Bicara mengenai malam 27 Ramadhan, sepanjang pengetahuan yang saya dapatkan dari sejumlah literature buku Islam dan hasil mendengarkan tausiyah ustadz, cukup banyak ulama yang mengatakan, kalau malam 27 Ramadhan merupakan malam Lailatul Qadar. Sebuah malam yang lebih baik dari seribu bulan. Dimana Allah menurunkan semua malaikatnya ke bumi untuk mencatat semua amal ibadah yang dikerjakan umat Islam. Bahkan dalam sebuah hadist, Nabi Besar Muhammad S.A.W juga pernah mengatakan, kalau malam Lailatul Qadar, jatuh pada malam 27 Ramadhan.

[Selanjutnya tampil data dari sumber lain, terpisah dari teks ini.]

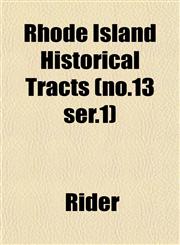 Rhode Island Historical Tracts (no.13 ser.1),1153137747,9781153137744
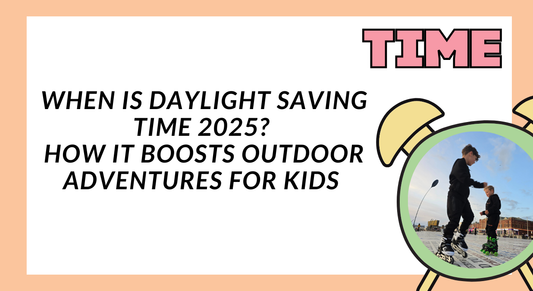 When Is Daylight Saving Time 2025? How It Boosts Outdoor Adventures for Kids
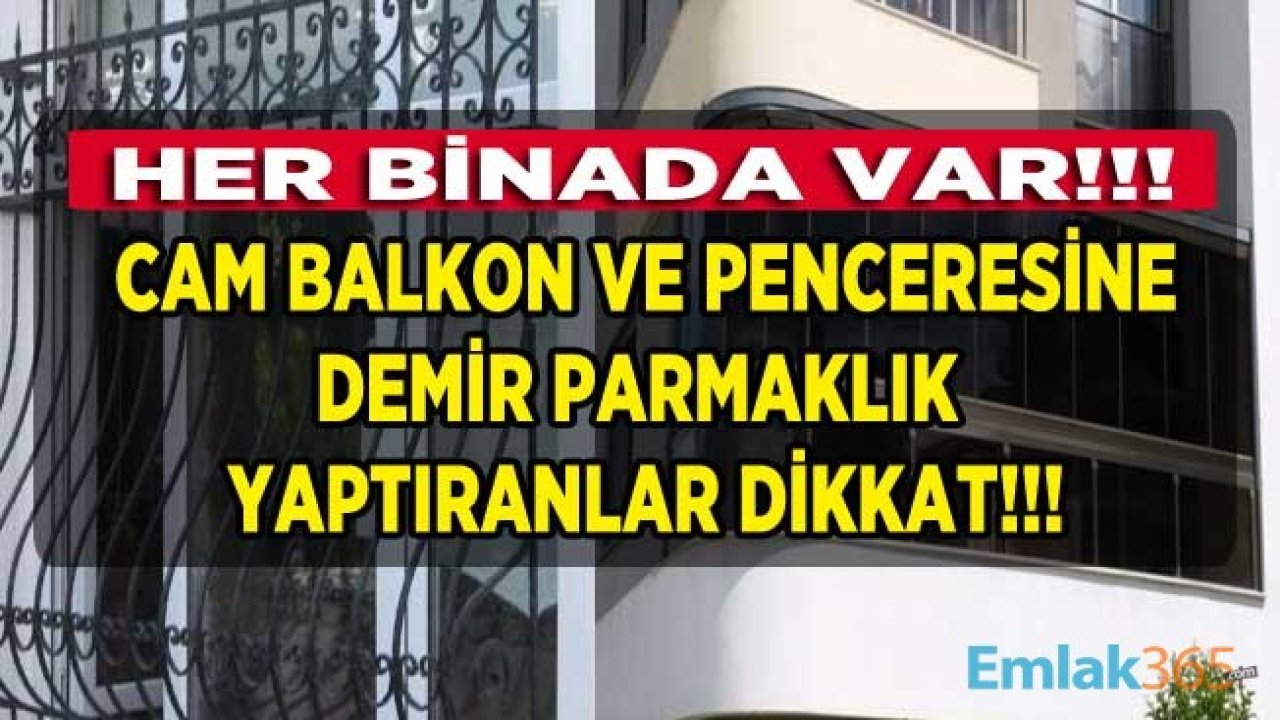 Cam Balkon ve Demir Parmaklık İçin Açıklama Geldi! Yasal Mı, Yaptırmak İçin İzin Gerekir Mi, Yasak Mı?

Karenanya, jika kita melakukan ibadah pada malam tersebut, maka kita akan mendapatkan pahala yang nilainya setara dengan amal ibadah selama 83 tahun. Umat muslim mana yang tidak mau mendapatkan pahala sebesar itu. Maka tak heran, di 10 hari terakhir Ramadhan, banyak umat Islam yang melalukan I'tikaf atau berdiam diri di dalam masjid untuk mengerjakan segala bentuk ibadah. Tujuannya tentu saja berharap mendapatkan malam Laitlatul Qadar, yang menurut Nabi, jatuh pada malam-malam ganjil, 21, 23, 25, 27, dan 29.
Sebegitu istimewanya malam Lailatul Qadar, sampai-sampai sejumlah riwayat pun berusaha memberikan ciri malam seribu bulan tersebut. Diantaranya, Sabda Rasulullah saw,"Lailatul qodr adalah malam yang cerah, tidak panas dan tidak dingin, matahari pada hari itu bersinar kemerahan lemah." Diriwayatkan oleh Ibnu Khuzaimah yang dishahihkan oleh Al Bani.
Rasulullah saw berabda,"Tandanya adalah matahari terbit pada pagi harinya cerah tanpa sinar." (HR. Muslim)
Manusia boleh saja mengira-ngira dan memprediksi soal jatuhnya malam Lailatul Qadar. Namun yang pasti, Lailatul Qadar tetaplah hal yang ghaib dan menjadi salah satu rahasia dan ketentuan Allah SWT.
Terlepas dari apakah Lailatul Qadar jatuh pada malam ke-27 Ramadhan atau tidak, yang jelas, sudah sepatutnya kita mengisi hari-hari dan malam-malam terakhir Ramadhan dengan memperbanyak ibadah kepada Allah. Karena belum tentu, tahun depan, bertemu dan menunaikan ibadah puasa Ramadhan.